- **Task prompt**
Lines holding the word "Tokyo" are the ones to copy from the data below.

[Dataset items]
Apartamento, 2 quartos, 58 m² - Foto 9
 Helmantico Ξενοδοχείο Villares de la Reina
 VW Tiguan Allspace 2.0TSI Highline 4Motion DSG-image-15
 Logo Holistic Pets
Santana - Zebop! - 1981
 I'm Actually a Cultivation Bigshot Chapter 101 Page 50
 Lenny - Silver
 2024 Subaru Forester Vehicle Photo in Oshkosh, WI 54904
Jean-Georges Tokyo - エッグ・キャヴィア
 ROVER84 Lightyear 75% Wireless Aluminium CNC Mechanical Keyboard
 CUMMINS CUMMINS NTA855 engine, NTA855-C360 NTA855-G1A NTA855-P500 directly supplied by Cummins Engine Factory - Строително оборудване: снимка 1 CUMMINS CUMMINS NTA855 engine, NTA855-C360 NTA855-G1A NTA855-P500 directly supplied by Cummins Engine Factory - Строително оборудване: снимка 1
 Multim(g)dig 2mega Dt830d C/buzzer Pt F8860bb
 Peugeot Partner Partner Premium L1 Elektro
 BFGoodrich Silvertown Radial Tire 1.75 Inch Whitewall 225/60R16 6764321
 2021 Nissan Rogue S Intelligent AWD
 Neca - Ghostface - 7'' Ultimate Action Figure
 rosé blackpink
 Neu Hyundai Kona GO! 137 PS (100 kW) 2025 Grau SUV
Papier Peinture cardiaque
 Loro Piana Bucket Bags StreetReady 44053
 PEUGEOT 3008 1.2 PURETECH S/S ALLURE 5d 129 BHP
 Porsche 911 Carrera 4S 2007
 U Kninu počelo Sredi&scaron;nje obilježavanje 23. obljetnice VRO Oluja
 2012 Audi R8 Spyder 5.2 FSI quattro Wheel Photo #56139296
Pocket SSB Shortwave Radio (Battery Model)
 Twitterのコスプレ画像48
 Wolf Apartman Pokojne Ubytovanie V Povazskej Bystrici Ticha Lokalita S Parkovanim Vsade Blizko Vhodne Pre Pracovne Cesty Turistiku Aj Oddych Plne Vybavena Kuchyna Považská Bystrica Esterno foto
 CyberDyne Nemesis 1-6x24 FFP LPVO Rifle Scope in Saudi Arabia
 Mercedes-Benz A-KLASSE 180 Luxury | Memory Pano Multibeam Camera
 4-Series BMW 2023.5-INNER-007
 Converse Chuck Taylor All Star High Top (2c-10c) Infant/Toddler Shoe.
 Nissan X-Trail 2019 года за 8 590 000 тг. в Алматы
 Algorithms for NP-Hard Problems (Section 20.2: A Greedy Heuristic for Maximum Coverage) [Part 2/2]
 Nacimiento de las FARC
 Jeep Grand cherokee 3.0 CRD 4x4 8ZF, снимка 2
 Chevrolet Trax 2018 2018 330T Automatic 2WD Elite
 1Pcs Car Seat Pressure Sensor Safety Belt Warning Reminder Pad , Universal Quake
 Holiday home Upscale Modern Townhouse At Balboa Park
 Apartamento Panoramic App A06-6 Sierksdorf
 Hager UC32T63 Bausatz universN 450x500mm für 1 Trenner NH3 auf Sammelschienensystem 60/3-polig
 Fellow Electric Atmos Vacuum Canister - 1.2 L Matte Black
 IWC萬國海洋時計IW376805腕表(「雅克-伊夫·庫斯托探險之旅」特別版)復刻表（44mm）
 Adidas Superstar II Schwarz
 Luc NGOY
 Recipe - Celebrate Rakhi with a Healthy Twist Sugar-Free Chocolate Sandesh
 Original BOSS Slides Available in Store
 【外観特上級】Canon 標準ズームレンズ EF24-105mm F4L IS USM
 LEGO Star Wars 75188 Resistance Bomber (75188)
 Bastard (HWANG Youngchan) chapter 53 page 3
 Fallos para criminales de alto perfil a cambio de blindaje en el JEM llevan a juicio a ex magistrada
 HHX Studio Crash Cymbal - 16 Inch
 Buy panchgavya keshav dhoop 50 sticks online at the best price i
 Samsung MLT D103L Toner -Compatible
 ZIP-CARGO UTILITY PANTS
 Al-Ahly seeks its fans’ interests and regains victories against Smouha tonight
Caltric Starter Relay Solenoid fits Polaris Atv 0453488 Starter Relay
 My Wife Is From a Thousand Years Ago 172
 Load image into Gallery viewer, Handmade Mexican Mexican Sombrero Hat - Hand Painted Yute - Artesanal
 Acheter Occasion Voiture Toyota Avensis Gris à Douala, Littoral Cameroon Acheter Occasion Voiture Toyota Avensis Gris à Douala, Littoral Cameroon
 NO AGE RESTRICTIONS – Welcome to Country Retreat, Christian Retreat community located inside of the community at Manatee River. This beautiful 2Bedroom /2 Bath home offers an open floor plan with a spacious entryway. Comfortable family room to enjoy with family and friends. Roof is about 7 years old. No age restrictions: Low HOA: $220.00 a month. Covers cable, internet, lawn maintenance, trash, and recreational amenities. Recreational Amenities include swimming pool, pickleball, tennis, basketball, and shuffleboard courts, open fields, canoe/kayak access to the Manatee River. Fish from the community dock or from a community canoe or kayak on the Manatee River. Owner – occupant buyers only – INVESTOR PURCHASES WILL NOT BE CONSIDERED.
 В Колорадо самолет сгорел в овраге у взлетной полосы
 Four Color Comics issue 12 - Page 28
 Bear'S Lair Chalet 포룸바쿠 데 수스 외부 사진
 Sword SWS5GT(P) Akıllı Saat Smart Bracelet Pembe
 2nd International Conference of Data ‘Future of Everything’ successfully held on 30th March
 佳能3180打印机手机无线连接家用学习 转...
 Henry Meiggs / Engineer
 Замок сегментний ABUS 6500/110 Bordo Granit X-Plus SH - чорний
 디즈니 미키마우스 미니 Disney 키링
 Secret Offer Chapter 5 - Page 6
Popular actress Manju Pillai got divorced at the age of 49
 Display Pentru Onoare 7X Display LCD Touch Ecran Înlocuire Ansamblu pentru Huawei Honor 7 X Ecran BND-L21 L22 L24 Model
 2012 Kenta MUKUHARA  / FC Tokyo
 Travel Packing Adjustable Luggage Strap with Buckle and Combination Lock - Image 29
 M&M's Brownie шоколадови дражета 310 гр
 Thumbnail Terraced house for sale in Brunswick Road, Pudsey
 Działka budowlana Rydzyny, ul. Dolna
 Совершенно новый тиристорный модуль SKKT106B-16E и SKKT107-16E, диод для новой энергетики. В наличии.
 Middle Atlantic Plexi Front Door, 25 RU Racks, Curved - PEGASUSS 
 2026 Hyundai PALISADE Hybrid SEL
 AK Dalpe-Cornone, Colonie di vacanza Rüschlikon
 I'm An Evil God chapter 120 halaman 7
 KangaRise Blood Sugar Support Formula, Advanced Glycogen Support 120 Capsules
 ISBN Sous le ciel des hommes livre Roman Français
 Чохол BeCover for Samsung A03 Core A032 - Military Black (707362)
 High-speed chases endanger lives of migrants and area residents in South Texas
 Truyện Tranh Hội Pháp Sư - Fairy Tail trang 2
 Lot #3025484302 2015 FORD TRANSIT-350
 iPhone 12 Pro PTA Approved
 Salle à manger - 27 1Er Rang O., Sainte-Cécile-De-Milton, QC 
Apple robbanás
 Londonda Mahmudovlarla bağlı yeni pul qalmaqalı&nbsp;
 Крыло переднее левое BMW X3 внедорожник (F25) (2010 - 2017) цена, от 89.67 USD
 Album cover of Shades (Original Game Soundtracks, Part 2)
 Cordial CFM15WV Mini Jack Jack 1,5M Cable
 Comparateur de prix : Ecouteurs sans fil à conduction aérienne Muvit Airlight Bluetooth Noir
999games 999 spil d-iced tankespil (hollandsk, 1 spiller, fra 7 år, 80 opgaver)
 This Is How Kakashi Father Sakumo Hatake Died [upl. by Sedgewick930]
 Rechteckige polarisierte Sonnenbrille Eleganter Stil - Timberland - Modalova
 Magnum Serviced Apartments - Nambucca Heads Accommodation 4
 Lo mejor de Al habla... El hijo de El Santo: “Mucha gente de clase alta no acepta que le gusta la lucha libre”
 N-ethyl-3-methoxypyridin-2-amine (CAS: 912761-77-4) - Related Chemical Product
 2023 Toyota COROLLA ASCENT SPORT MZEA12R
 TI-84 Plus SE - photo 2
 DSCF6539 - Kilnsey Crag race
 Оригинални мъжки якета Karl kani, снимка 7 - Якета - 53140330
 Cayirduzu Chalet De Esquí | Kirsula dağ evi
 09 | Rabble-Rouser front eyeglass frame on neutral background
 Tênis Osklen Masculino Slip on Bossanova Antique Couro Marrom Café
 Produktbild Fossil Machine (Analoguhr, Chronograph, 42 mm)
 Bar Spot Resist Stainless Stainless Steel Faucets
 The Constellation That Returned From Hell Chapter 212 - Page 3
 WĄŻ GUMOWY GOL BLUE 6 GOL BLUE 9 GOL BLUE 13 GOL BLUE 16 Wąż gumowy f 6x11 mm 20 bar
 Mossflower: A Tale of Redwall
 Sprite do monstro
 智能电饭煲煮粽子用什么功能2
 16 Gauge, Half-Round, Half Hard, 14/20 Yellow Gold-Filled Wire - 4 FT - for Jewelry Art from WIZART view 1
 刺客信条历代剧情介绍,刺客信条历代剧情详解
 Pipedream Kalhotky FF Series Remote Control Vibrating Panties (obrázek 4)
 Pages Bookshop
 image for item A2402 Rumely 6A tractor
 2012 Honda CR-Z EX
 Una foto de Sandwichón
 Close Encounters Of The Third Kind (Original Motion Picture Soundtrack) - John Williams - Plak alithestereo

- **Response to the task**
Jean-Georges Tokyo - エッグ・キャヴィア
 2012 Kenta MUKUHARA  / FC Tokyo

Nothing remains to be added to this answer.